ACTIVITY: Pictures stay out of the output. Return exactly the lines below from the one with "Brie parmesan ve mavi peynir — Stok fotoğraf" down to the one with "夏天养什么花好，这里有两百多种夏天开的花儿，总有几种适合你", both included, and nothing more.

Records drawn from a dataset:
· · · · ·

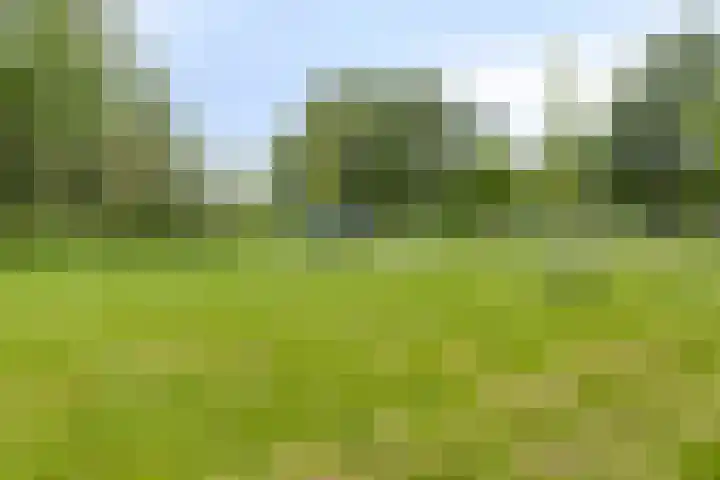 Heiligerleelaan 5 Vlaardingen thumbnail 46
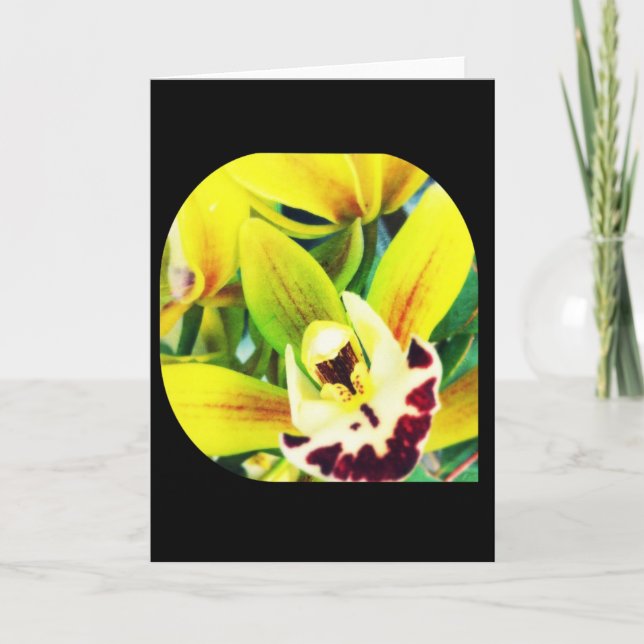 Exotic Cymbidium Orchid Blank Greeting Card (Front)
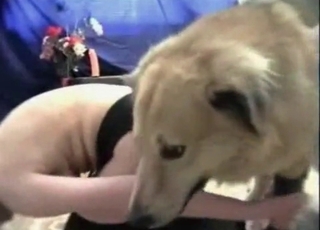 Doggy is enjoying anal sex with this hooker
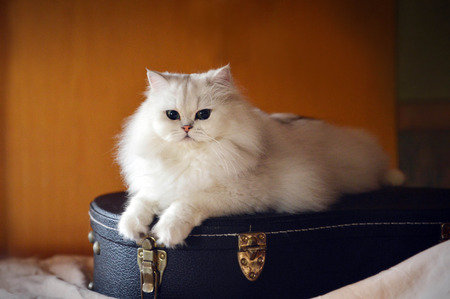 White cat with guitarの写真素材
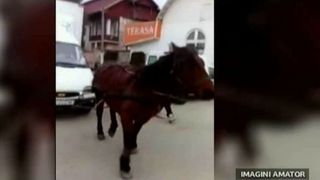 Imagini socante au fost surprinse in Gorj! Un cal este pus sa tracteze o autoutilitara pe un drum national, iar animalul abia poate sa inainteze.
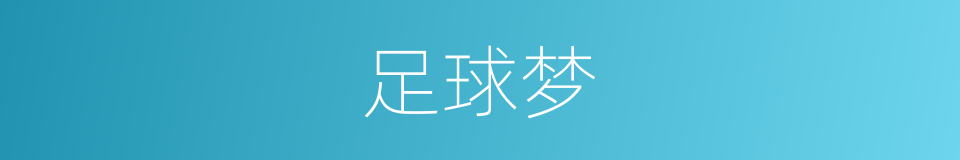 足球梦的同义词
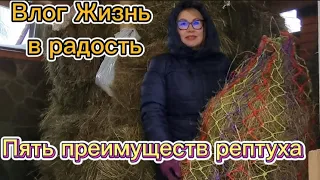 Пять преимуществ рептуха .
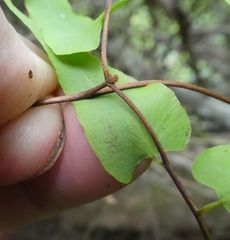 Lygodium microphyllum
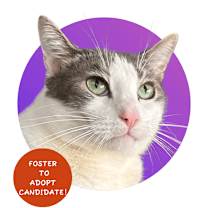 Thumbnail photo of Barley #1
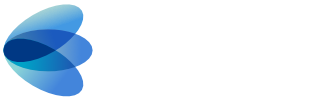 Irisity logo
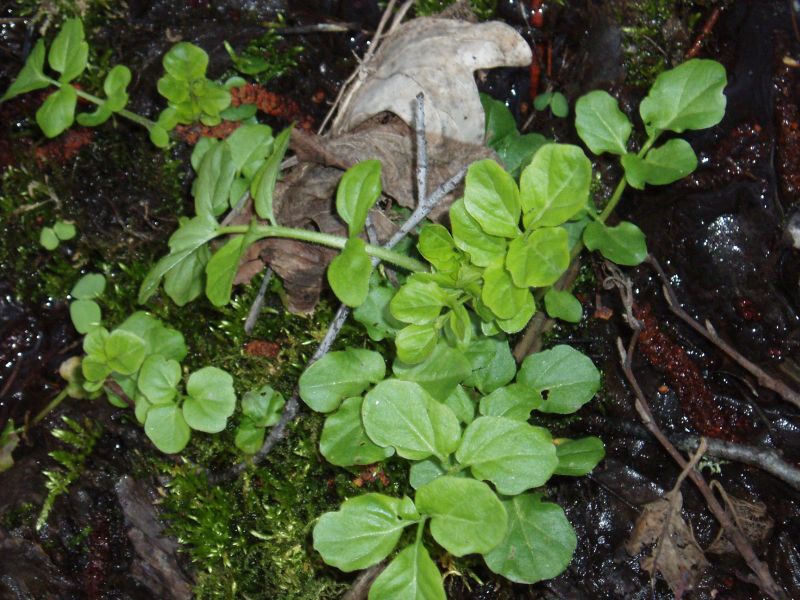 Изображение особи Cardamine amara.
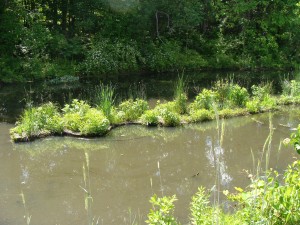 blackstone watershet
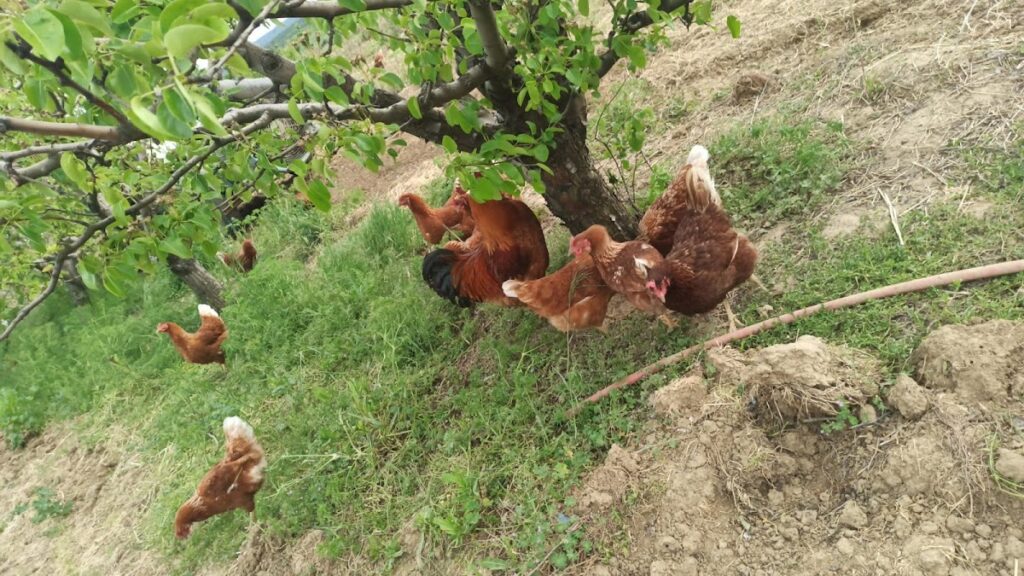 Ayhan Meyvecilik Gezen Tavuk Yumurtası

· · · · ·

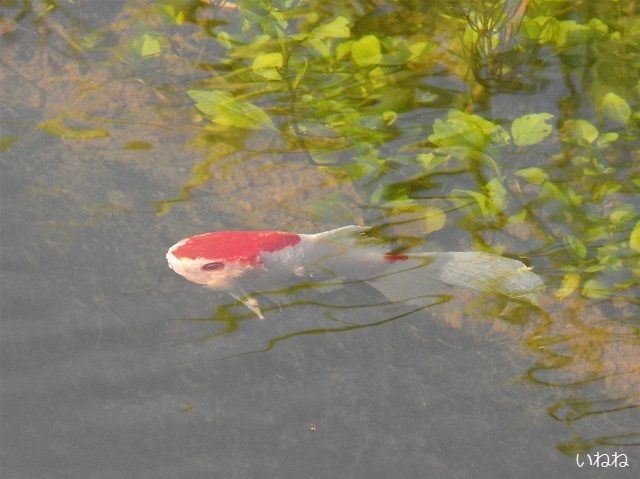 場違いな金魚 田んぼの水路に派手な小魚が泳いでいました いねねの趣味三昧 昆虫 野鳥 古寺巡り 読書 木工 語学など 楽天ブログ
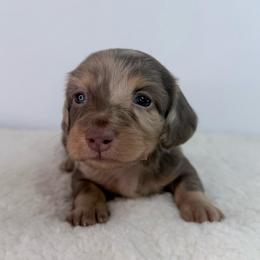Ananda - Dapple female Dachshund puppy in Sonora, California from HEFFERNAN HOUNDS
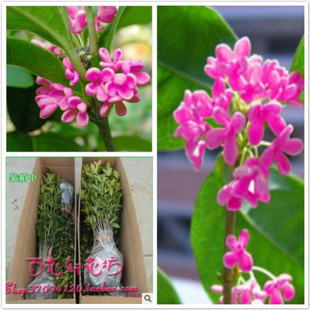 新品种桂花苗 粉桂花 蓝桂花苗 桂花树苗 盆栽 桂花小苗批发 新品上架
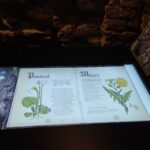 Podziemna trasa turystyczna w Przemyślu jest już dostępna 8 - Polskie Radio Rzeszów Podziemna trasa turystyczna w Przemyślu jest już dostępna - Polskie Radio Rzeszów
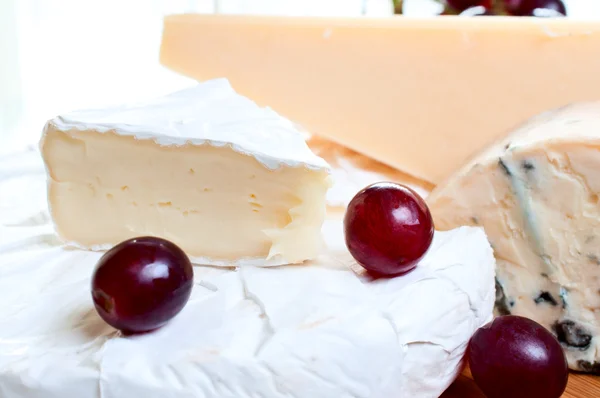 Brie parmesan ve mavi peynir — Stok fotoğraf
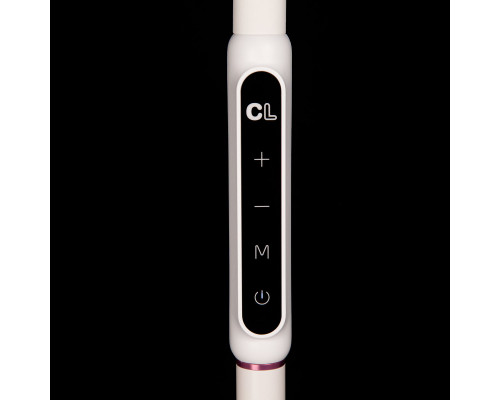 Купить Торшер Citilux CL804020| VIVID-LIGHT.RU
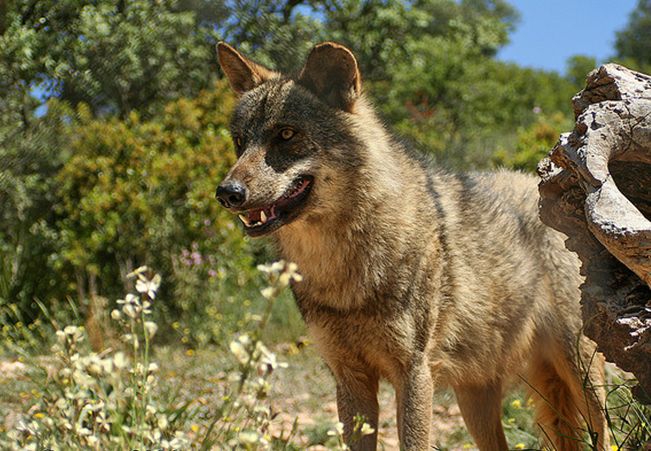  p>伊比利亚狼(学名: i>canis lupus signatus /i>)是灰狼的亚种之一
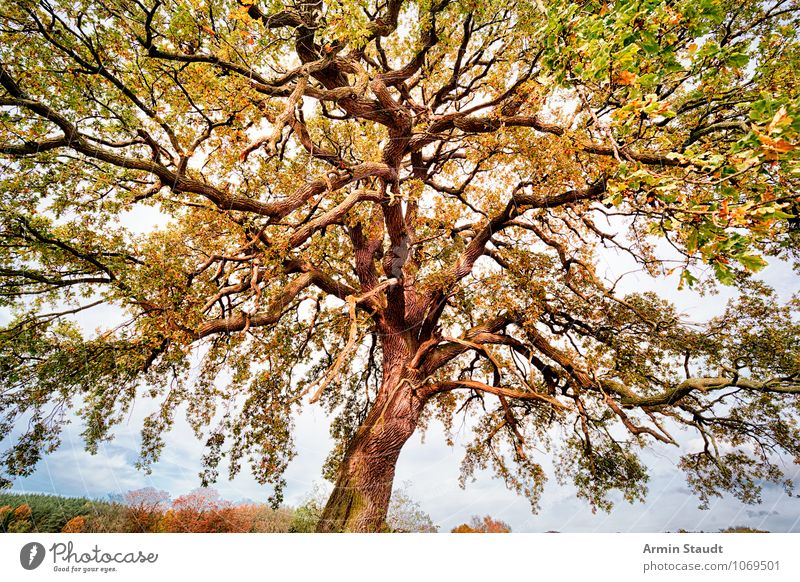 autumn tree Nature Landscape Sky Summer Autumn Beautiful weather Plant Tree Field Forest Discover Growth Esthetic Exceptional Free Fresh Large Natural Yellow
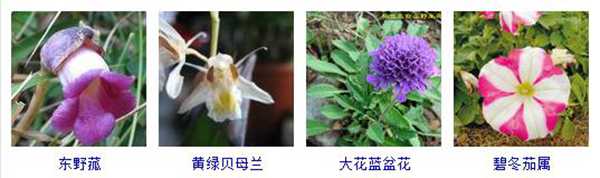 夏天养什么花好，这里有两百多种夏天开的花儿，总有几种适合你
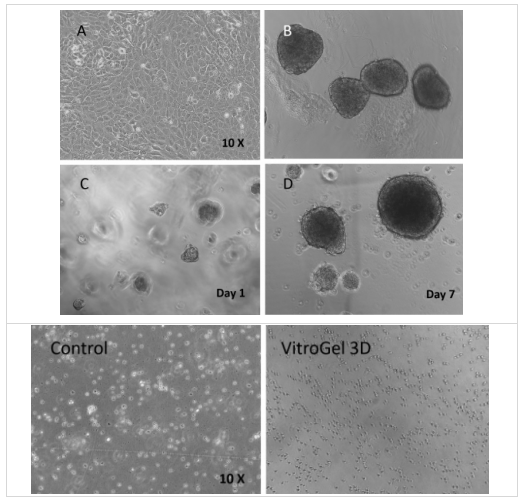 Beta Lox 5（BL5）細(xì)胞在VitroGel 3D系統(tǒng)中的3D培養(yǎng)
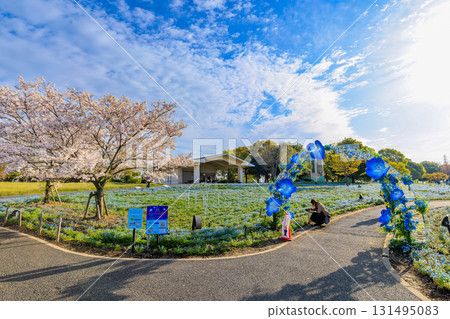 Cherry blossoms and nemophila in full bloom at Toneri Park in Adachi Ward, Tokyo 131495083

· · · · ·

REPLY:
 Brie parmesan ve mavi peynir — Stok fotoğraf
 Купить Торшер Citilux CL804020| VIVID-LIGHT.RU
  p>伊比利亚狼(学名: i>canis lupus signatus /i>)是灰狼的亚种之一
 autumn tree Nature Landscape Sky Summer Autumn Beautiful weather Plant Tree Field Forest Discover Growth Esthetic Exceptional Free Fresh Large Natural Yellow
 夏天养什么花好，这里有两百多种夏天开的花儿，总有几种适合你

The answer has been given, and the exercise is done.